The price of Wild deodorant will depend on the extent of the customization of the case, which flavors we want, and how many refills. The case price is 10 pounds ($12); engravement is an additional 5 pounds ($6). The refills, regular or sensitive, are priced at 6 pounds ($7) each.
The refills are a great way to save money, and the environment as the consumer can toss their used refill into the garden garbage to use as compost later. WILD also have subscription offers, where they send their customers refills automatically according to their sign-ups, helping them to save money when ordering in bulk.

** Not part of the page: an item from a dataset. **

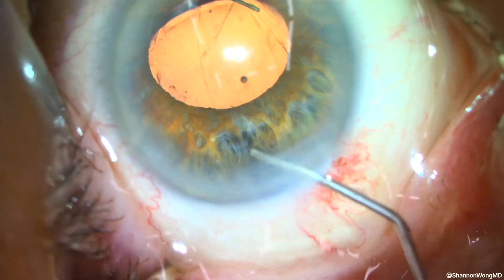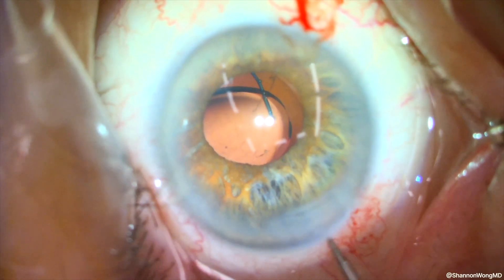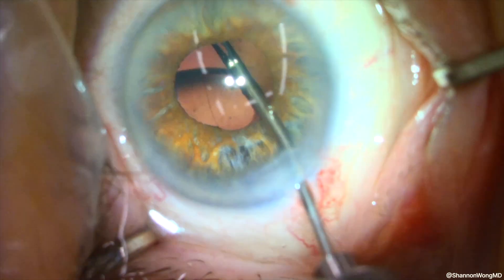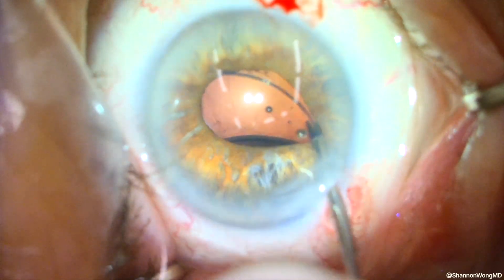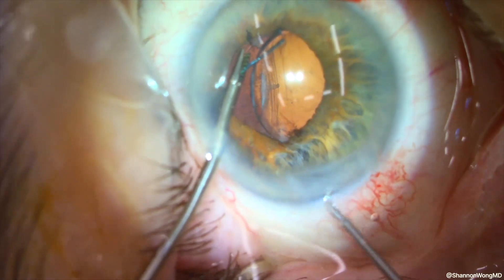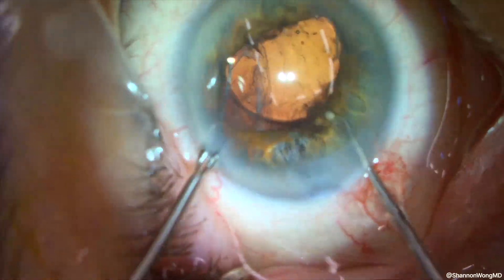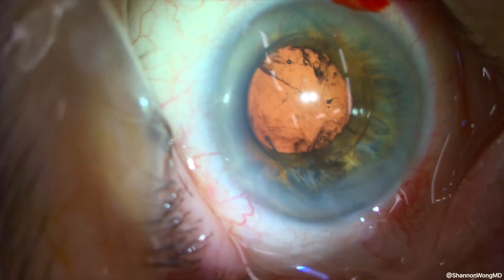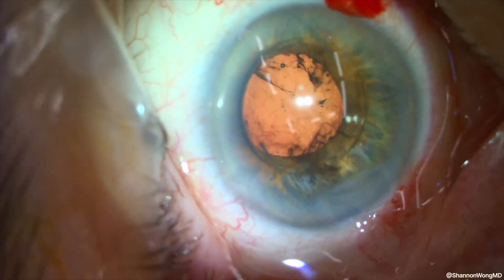As time passes, the optic appears to tilt, indicating that there is a lack of capsular support for the haptic that is obscured by the iris at 6 o'clock. We then use our micro forceps to grab the superior haptic and use the Kuglen hook to elevate the optic anterior to the iris. What we have is a capsule that is unstable, likely due to loose zonules. So we will not be able to place this lens implant into the sulcus unless we perform intrascleral haptic fixation to secure the lens implant.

Suppose a client has sensitive skin; a range without baking soda is also available. Despite the look and the fact that we can refill it, the wild deodorant has unique scents. Most are natural scents combined to give a fantastic smell, and there is something available for both men and women.
The different Wild scents available at the moment:
- Mint and Aloe Vera
- Fresh Cotton and Sea Salt
- Jasmin and Mandarin Blossom
- Sandalwood and Patchouli
- Coconut and Vanilla
- Rhubarb and Rasberry
- Orange and Neroli
They also introduce some exciting limited-edition scents now and again. Pink peppercorn, candy floss, and raspberry ripple are only some of the limited editions they introduced in the past.
They also have “mini deos” to ensure we are fresh whenever we are on the go. These come in small recyclable cases that fit in my handbag, gym bag, or car console.
Charlie Watson wrote on her blog about her experience with the Wild deodorant as a morning runner and working in scrubs all day. She is sticking to it and not going back. The only times she might opt for the antiperspirant at the back of the closet now is when she’s wearing an outfit that might show sweat easily.
Suppose someone hasn’t tried natural deodorants before; I would say give it a go. It might surprise them how quickly they could fall in love with it and, at the same time, save the planet and get the armpits back to their natural biome. Wild has a wide range of deodorants and you’re bound to find a favourite wild fragrance among them.